§ **THE DATA**
::::::

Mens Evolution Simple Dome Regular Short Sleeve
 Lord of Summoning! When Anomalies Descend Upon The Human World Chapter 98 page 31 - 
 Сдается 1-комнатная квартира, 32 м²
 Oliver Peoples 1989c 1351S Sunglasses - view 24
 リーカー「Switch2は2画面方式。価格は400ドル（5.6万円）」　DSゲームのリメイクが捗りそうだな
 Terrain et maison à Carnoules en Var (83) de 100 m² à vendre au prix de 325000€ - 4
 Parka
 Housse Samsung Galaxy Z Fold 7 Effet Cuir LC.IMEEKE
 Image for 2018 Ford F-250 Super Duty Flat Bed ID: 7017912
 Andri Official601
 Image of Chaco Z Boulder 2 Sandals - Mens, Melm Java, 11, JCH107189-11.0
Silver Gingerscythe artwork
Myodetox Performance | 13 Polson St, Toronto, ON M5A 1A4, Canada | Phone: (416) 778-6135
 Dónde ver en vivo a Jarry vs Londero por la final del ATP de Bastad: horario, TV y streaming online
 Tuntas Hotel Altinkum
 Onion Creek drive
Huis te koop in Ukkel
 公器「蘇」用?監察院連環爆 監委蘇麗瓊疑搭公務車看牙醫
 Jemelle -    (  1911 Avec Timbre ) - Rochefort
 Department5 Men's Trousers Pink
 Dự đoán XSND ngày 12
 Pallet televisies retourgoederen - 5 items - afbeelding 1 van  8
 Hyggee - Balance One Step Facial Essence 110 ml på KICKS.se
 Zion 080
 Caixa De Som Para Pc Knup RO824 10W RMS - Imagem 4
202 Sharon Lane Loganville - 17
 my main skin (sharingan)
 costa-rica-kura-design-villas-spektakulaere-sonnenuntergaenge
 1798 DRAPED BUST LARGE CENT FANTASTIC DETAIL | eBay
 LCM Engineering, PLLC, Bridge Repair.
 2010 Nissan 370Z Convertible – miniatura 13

::::::

§ **DIRECTIONS FOR THIS TASK**
Transcribe all the entries, keeping each one exactly as it is.

§ **YOUR RESPONSE**
Mens Evolution Simple Dome Regular Short Sleeve
 Lord of Summoning! When Anomalies Descend Upon The Human World Chapter 98 page 31 - 
 Сдается 1-комнатная квартира, 32 м²
 Oliver Peoples 1989c 1351S Sunglasses - view 24
 リーカー「Switch2は2画面方式。価格は400ドル（5.6万円）」　DSゲームのリメイクが捗りそうだな
 Terrain et maison à Carnoules en Var (83) de 100 m² à vendre au prix de 325000€ - 4
 Parka
 Housse Samsung Galaxy Z Fold 7 Effet Cuir LC.IMEEKE
 Image for 2018 Ford F-250 Super Duty Flat Bed ID: 7017912
 Andri Official601
 Image of Chaco Z Boulder 2 Sandals - Mens, Melm Java, 11, JCH107189-11.0
Silver Gingerscythe artwork
Myodetox Performance | 13 Polson St, Toronto, ON M5A 1A4, Canada | Phone: (416) 778-6135
 Dónde ver en vivo a Jarry vs Londero por la final del ATP de Bastad: horario, TV y streaming online
 Tuntas Hotel Altinkum
 Onion Creek drive
Huis te koop in Ukkel
 公器「蘇」用?監察院連環爆 監委蘇麗瓊疑搭公務車看牙醫
 Jemelle -    (  1911 Avec Timbre ) - Rochefort
 Department5 Men's Trousers Pink
 Dự đoán XSND ngày 12
 Pallet televisies retourgoederen - 5 items - afbeelding 1 van  8
 Hyggee - Balance One Step Facial Essence 110 ml på KICKS.se
 Zion 080
 Caixa De Som Para Pc Knup RO824 10W RMS - Imagem 4
202 Sharon Lane Loganville - 17
 my main skin (sharingan)
 costa-rica-kura-design-villas-spektakulaere-sonnenuntergaenge
 1798 DRAPED BUST LARGE CENT FANTASTIC DETAIL | eBay
 LCM Engineering, PLLC, Bridge Repair.
 2010 Nissan 370Z Convertible – miniatura 13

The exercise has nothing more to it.